The university system of education in Nigeria is indeed in difficult situation. From the assessment of public universities in the country embarked upon by the federal government, it was revealed that public universities in the country have not been able to compete with the counterparts in the world due to manpower and infrastructural problems.


It is a known fact that a steady decline in the quality of infrastructures like lecture rooms, laboratories, libraries, hostels and staff and non teaching staff quarters. There is also deficit in the high quality lecturers such as seasoned professors as well as doctorate degree holders. In effect, many universities in the country today now rely on the services of visiting professors. This is the terrible state of Nigerian universities; an ugly reflection of the overall decadence in the country itself. According to history, it was undisputed fact that the nation started very well on a sound educational foundation at independence by establishing universities that produced quality graduates.


This rat race in the society today has eaten so deep into the fabrics of education that we abandoned merit for favoritism. It is a matter of who you know in high places of authority.


This has succeeded in taking us to a level where lecturers usually compromised by students just to get unmerited grades. One is right to say that our university system has lost a sense of decorum and decency and therefore the lecturers do not see such act as a cankerworm capable of destroying the ideals of university education in the country. Is it not an irony that a country where there is a short supply of Ph.D holders, there is still a plethora of doctorate degree holders roaming the streets as unemployed? This is utterly lamentable.


The way out of this difficult situation is definitely not to lament about it but to go back to the drawing board. It entails a return to the established customs upon which the society was originally founded. We have to retrace our steps. The solution to me doesn’t lie in building hundreds of universities but rather to effectively equip and fund the existing ones. It makes more sense to have a few quality universities of global standard than to have universities scattered everywhere without quality. Yes, quality is better than quantity.
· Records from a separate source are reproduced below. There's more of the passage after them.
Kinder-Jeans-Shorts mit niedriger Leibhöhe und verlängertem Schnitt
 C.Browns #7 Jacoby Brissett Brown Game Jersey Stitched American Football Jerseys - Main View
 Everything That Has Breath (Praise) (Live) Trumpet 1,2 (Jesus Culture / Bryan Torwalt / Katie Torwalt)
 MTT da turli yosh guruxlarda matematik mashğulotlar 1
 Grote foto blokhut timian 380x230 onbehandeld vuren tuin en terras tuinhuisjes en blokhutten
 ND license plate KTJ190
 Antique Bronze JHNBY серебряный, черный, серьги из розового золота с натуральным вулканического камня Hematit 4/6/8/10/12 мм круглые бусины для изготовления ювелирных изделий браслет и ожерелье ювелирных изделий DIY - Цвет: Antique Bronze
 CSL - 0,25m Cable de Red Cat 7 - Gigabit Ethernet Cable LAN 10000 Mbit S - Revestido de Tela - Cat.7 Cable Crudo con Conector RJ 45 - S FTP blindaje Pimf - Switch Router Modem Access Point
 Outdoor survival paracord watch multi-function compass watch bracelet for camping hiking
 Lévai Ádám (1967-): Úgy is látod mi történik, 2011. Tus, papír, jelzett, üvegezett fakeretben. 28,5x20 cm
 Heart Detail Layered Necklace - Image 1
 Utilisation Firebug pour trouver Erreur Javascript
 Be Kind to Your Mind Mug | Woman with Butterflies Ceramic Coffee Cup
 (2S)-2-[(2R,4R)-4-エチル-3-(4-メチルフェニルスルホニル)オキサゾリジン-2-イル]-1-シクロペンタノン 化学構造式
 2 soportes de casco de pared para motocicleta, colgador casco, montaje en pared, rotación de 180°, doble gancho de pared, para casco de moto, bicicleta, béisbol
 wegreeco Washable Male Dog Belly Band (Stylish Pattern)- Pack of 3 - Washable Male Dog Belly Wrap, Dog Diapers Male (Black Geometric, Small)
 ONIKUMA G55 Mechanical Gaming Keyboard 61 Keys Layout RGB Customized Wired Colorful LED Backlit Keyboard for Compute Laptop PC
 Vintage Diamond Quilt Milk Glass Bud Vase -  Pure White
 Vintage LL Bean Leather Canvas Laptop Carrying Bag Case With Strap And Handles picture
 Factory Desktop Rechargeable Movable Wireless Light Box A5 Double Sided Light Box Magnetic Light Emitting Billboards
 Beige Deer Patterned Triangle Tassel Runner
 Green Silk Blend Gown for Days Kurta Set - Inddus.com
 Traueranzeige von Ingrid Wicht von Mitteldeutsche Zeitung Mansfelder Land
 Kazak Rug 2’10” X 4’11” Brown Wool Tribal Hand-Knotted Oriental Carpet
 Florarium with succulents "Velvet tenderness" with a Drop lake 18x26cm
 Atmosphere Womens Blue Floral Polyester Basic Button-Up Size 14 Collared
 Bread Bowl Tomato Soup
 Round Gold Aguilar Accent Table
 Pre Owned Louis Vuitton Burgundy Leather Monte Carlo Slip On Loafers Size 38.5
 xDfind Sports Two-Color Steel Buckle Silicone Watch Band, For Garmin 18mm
Planting universities all over the place is one of the major problems facing Nigerian universities. The National Universities Commission (NUC) whose duty is to regulate university education should take a good look at this and act accordingly to salvage this ugly situation. Sometime in the past, some members of NUC were accused of taking bribe to accredit universities but this should stop. It (NUC) should also insist on standards on our universities. If we must be taken seriously in the international community, then this trend must discontinue.